08/19/2026
⚠️La chenille de l’halisidote du caryer est le rappel de la nature de regarder, mais de ne pas toucher! ⚠️
La chenille de l’halisidote du caryer peut avoir l’air mignonne et inoffensive avec son corps blanc duveteux, ses marques noires marquées et ses longs poils noirs, mais les apparences peuvent tromper!
Cette espèce indigène est l’une des chenilles les plus distinctives que l’on trouve dans le sud de l’Ontario. Pour se préparer à l’hiver, elle se nourrit de noix de Grenoble et de feuilles du caryer, du frêne, de l’orme, de l’érable, du saule et du chêne avant de tisser un cocon.
Bien qu’impressionnante visuellement, c’est une chenille que l’on admire mieux de loin. Ses poils venimeux peuvent provoquer une irritation cutanée semblable à celle du sumac vénéneux, les réactions allant de légères rougeurs et démangeaisons à de l’enflure et de l’inconfort.
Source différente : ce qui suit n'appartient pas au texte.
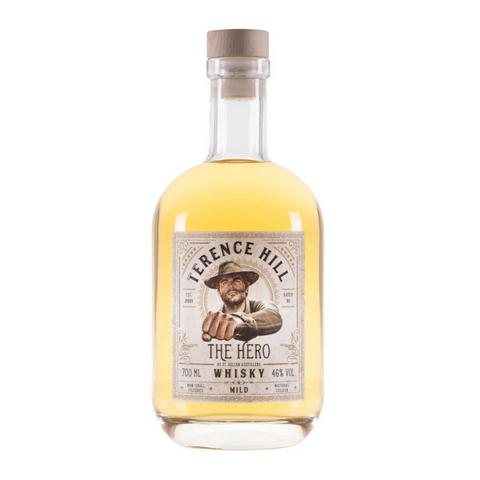 Terence Hill Whisky 'The Hero' St. Kilian Distillers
En cas de contact cutané :
• Lavez la zone touchée avec du savon et de l’eau dès que possible
• Évitez de frotter ou de gratter la peau
• Appliquez une compresse froide ou une poche de glace pour aider à réduire l’inconfort et l’enflure
• Utilisez une lotion à la calamine ou un produit anti-démangeaison en vente libre si nécessaire
• Consultez un médecin si vous présentez des signes de réaction allergique sévère
Pour prévenir le contact cutané, portez des vêtements qui couvrent la peau, comme une chemise à manches longues et des pantalons. N’oubliez pas de tenir les animaux à distance, car le contact peut irriter leur bouche, leur museau et leurs pattes.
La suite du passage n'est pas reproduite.